Why is the score for a core factor not the mean of its lower‐order factors - theliberators/columinity.docs GitHub Wiki

Observant users have wondered why it is that the scores of the various core factors are different from the means of their lower-order factors. The screenshot provides a nice example of this. The scores for the lower-order factors of Team Effectiveness are 72, 72, and 62 respectively. The mean of this is 68.6, which is indeed different from the score of 72 that is reported. This isn't a bug but a conscious decision on our part.

A challenge of data aggregation is that you're trying to summarize detailed, low-level data with a single number. The quality of the resulting number depends on the quality and spread of underlying data points. For example, most of us know that averages are sensitive to extreme scores. A mean average can take a nosedive when even a single very low score exists in a larger set of high scores.

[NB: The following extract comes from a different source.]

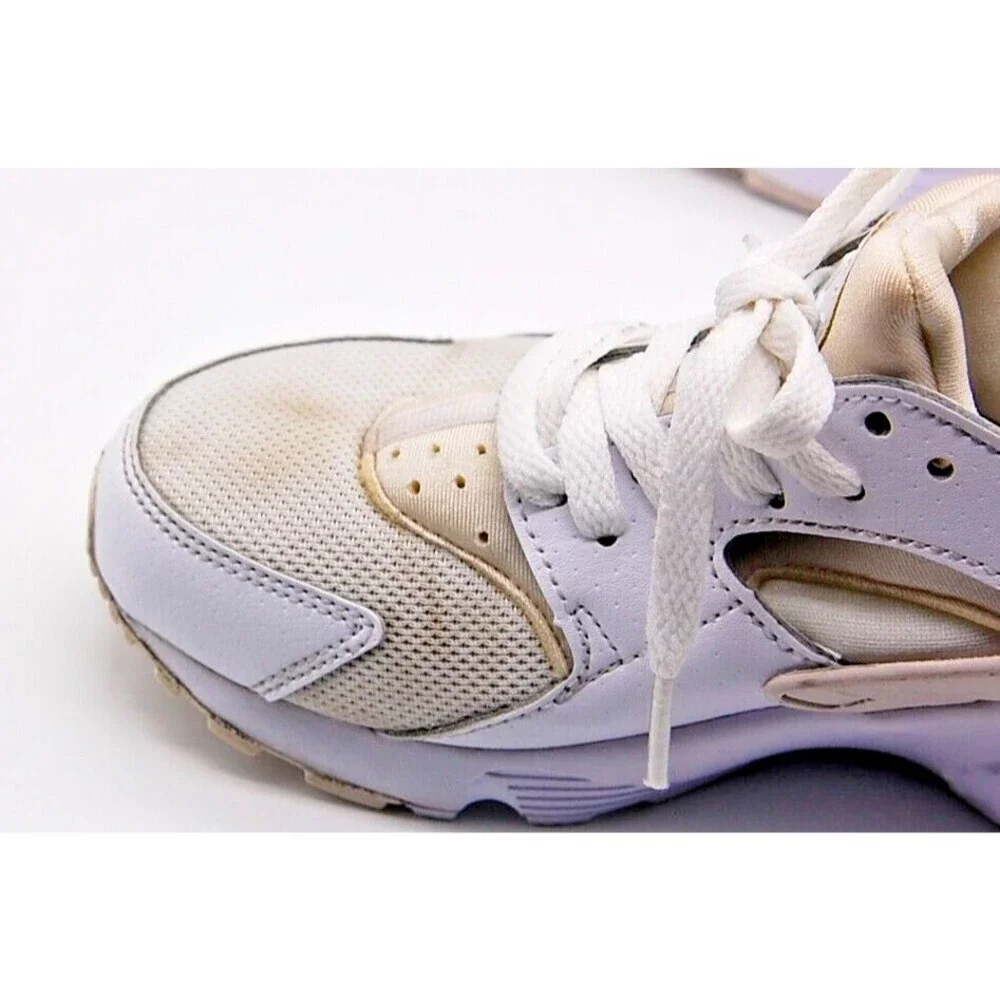 NIKE HUARACHE RUN/ Pure Platinum/White/ 4Y/ 654275-110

One way to dampen this kind of bias is to maximize the number of data points used in analyses, which is what we always strive for.

In the aforementioned simple calculation of Team Effectiveness, we would calculate its score for each participant by averaging the participants' score for Team morale, Stakeholder Happiness, and Stakeholders: Team Value. But this average would be based on only 3 data points and prone to bias. Instead, for each participant we take all 8 responses to the lower-order factors and calculate a mean average from that. This gives us 8 data points per participant and less bias.

Statistical example

The histogram below shows the scores for three participants on five sub-factors of "Stakeholder Concern" (15 data points). It is based on a real team.

The histogram clearly shows substantial disagreement among participants or at least very different perspectives. More of the scores either fall on the left or the right than in the middle. With this distribution, what is the most accurate single number to summarize the "Stakeholder Concern" score?

• Our current algorithm offers 3.15
• The median average of all scores is 3.67
• The mean average of all scores is 2.71
• If we calculate median averages for each sub-factor first and then take the median average of those 5 values, we get 4.1

Each strategy gives a slightly different number. Which is the most accurate? The most straightforward approach is the fourth option. You could take a calculator and average the values from the five sub-factors. However, this approach takes averages of averages and loses a lot of information about the underlying distribution in the process. The resulting 4.1 also gives more weight to the six higher scores than the nine lower scores and is thus biased. Similarly, the mean average (third approach) is too biased toward the other end. The 3.15 of our current approach is most reflective of the true "middle" of the scores, although it is less intuitive to calculate manually.